Melih Bulu, un universitaire falot, connu surtout pour sa loyauté envers le Parti de la justice et du développement (AKP, au pouvoir depuis 2002), a été démis de ses fonctions par un décret présidentiel publié au beau milieu de la nuit de mercredi à jeudi, deux lignes laconiques qui n’expliquent pas les raisons de ce licenciement.
La décision de démettre le recteur contesté est intervenue après une réunion du Conseil de l’enseignement supérieur (YÖK), qui a évalué ses dernières décisions. Il a également été question des allégations de plagiat concernant sa thèse de doctorat.
Harvard turc
Le revirement du président turc est inexplicable. Il intervient après un mouvement de protestation étudiant particulièrement tenace, organisé sur le campus de cet établissement public prestigieux, considéré comme le Harvard turc, où l’enseignement se fait en anglais et où une bonne partie de l’élite politique et intellectuelle du pays a été formée.

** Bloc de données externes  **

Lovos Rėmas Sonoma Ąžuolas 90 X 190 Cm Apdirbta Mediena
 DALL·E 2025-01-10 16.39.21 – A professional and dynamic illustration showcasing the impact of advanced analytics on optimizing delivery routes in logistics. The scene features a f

Dès la nomination de M. Bulu en janvier, des centaines d’étudiants s’étaient mobilisés pour réclamer son départ. Déployées à l’intérieur et autour du campus, les forces de police avaient arrêté des centaines de protestataires, allant jusqu’à menotter la grille d’entrée de l’université pour empêcher les jeunes d’y pénétrer. Le président Erdogan avait alors qualifié les manifestants de « terroristes », promettant de faire « tout ce qui est nécessaire » pour stopper le mouvement.
Sourd à ces menaces, une bonne partie du corps professoral a rejoint la contestation. Depuis janvier, les professeurs mécontentés par la nomination du nouveau recteur ont pris l’habitude de se rassembler en silence sous les fenêtres de son bureau, vêtus de leur toge, le dos tourné en signe de protestation. Plus largement, les milieux académiques se sont offusqués du parachutage de ce proche du parti de M. Erdogan, considéré comme une grave atteinte à l’indépendance des universités.

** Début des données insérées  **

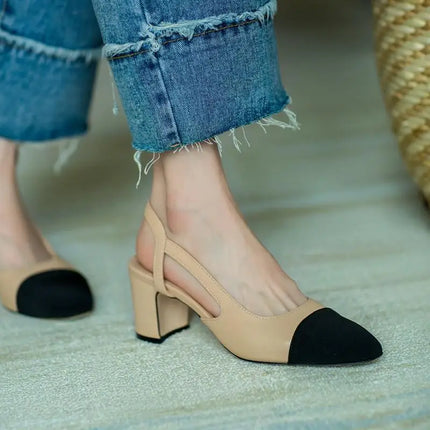 Summer Fashion Color Blocked Flat Bottom Coarse Heel Women's Sandals New Small Fragrant Style Shallow Mouth Low Tailored Shoes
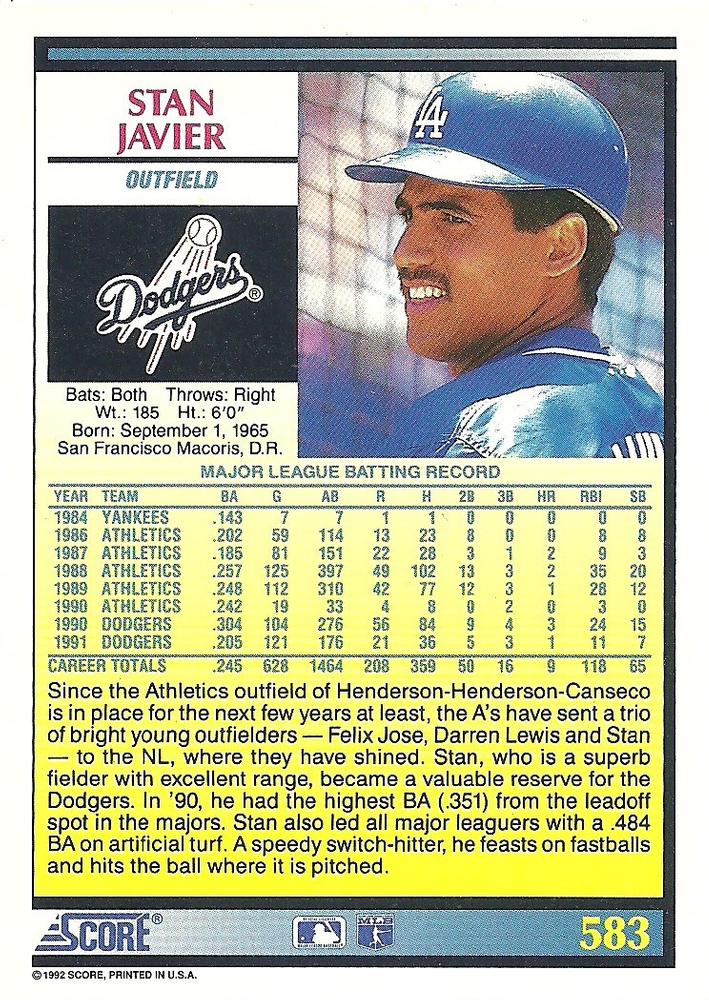 Stan Javier  baseball card collectible - Main Image 2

Mettre au pas les milieux intellectuels
Depuis le coup d’Etat raté du 15 juillet 2016, M. Erdogan nomme les recteurs d’université sur décret, sans tenir compte de l’avis de leurs pairs, une mesure perçue comme une volonté de mettre au pas les milieux intellectuels qui lui résistent. Jadis, le conseil d’administration de l’université effectuait une présélection, une liste de candidats était alors soumise au président qui en retenait un. Désormais, le chef de l’Etat nomme qui bon lui semble.